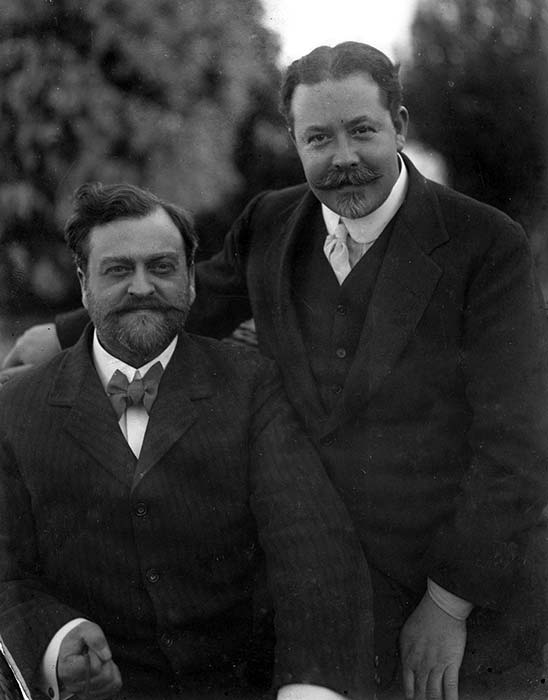 Charles Nalder Baeyertz (left) and his son Carl, about 1918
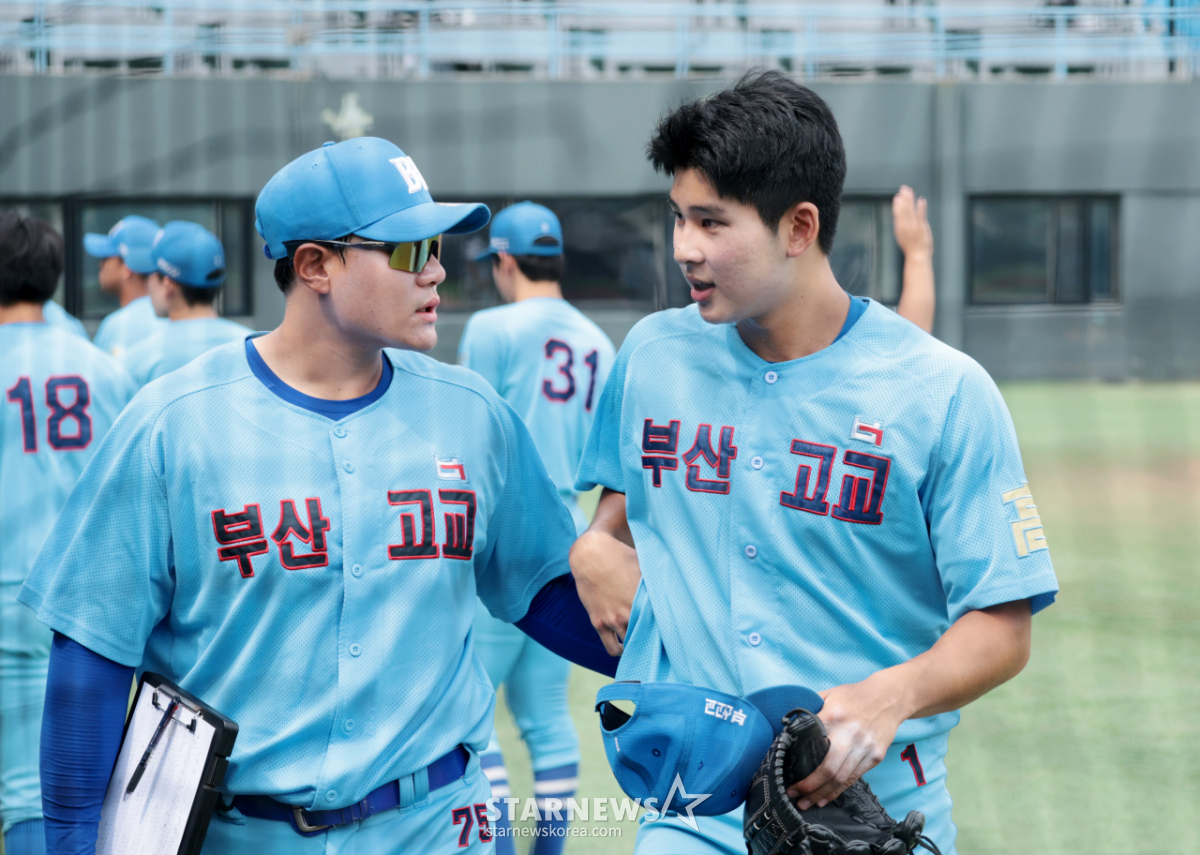 [포토]'강동호 투수코치와 이야기 나누는'' 부산고 4번타자 하현승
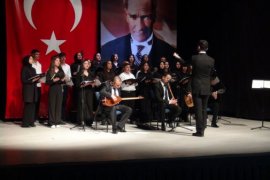 Tatvan Anadolu Lisesi Öğrencileri Resim Sergisi Düzenledi ve Konser Verdi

- [Problem to solve]
Output the full listing verbatim; pictures stay out.

- [Response to this task]
 Charles Nalder Baeyertz (left) and his son Carl, about 1918
 [포토]'강동호 투수코치와 이야기 나누는'' 부산고 4번타자 하현승
 Tatvan Anadolu Lisesi Öğrencileri Resim Sergisi Düzenledi ve Konser Verdi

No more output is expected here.